Last but not least erfüllt es mich mit Freude, dass meine Arbeit für den bdv – und später den BDKV – auch heute personell noch nachhaltige Wirkung zeigt. Auf meinen Vorschlag hin wurde 2002 mein Kanzleipartner, Dr. Johannes Ulbricht, zum Justiziar des Verbandes bestellt. Seither unterstützt er die Mitglieder zuverlässig mit seiner juristischen Expertise. 2014 konnte ich Kim Sommer, die bis dahin für meine Firma Michow Concerts arbeitete, für den bdv „abwerben“. Seither führt sie mit großer Kompetenz und Engagement die Geschäftsstelle des Verbands. Ebenso freut es mich, dass auch Madeline Falkenhahn, Kirsten Möller, Nick Pompetzki, Felix Poulheim und Julia Orkin, die ich während meiner Zeit beim BDKV ins Team holte, weiterhin für den Verband tätig sind.
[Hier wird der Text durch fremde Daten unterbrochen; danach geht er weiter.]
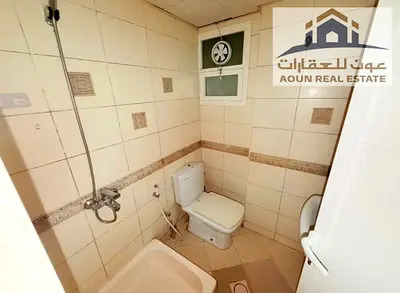 البطينه الشارقه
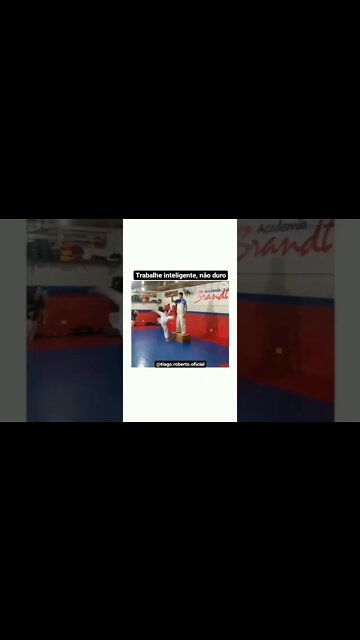 Se inscreve no canal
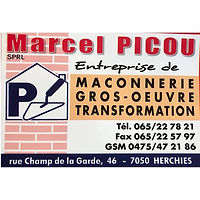 Picou.jpg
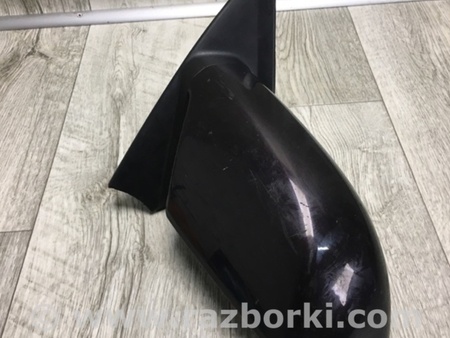 ФОТО Зеркало для Nissan Altima L32 Киев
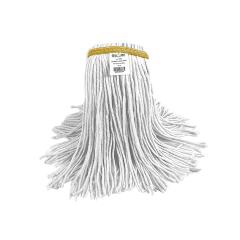 MOP SYNTHETIC 24OZ IND.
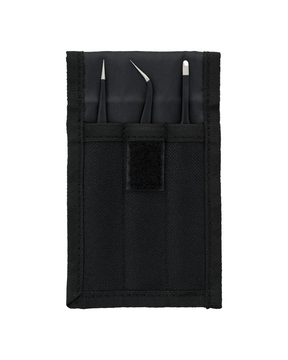 Precision Tweezer Set (iFixit)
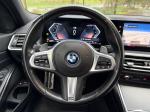 bmw-serie-3-2023-hibrido-a-gasolina-1998cc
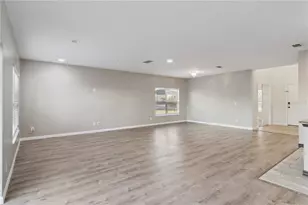 1234 Andalusia Loop, Davenport, FL 33837 - Photo 5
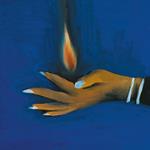 Il dominio della luce (LP nero 180 gr. + Libro)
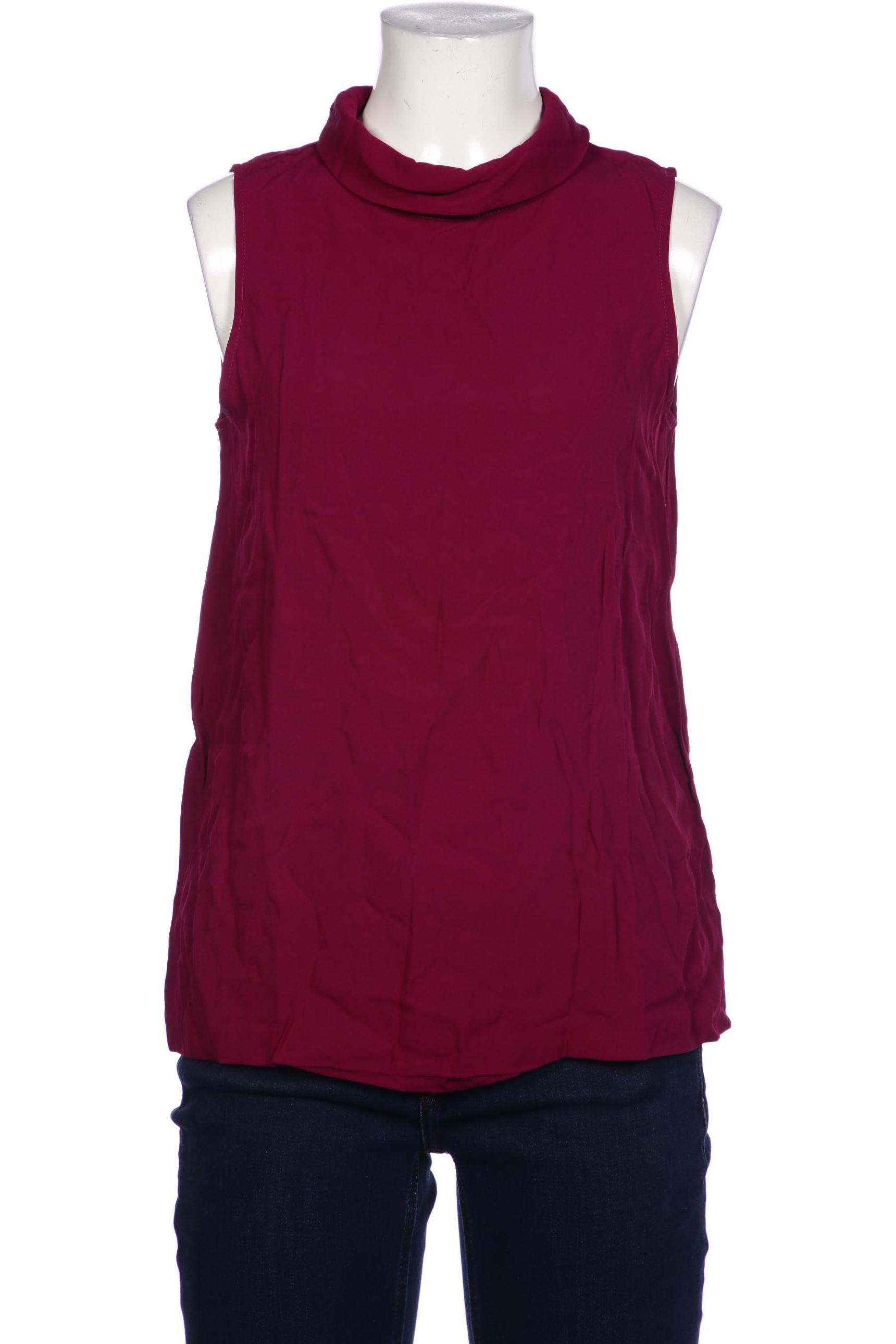 

someday. Damen Bluse, pink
Die Entstehungsgeschichte des BDKV birgt noch weitaus mehr Höhepunkte, die allerdings den Rahmen eines derartigen Rückblicks sprengen würden. Ich mache kein Hehl daraus, dass ich stolz auf das Erreichte bin – und darauf, zusammen mit den engagierten Vorstandskolleginnen und Kollegen, die sich in den vergangenen Jahrzehnten ehrenamtlich für den Verband und seine Mitglieder eingesetzt haben, meinem Nachfolger ein so starkes Fundament für seine Arbeit und die Zukunft des Verbands hinterlassen zu haben. Die heute bestehende Stabilität und Handlungsfähigkeit des BDKV ist Ergebnis dieser langjährigen Aufbauarbeit, die der Konzert- und Veranstaltungsbranche und all den von ihr abhängigen Unternehmen heute zugutekommt. Mit ihrem erheblichen Beitrag zum deutschen Kulturbetrieb hat sie diese Basis auch mehr als verdient.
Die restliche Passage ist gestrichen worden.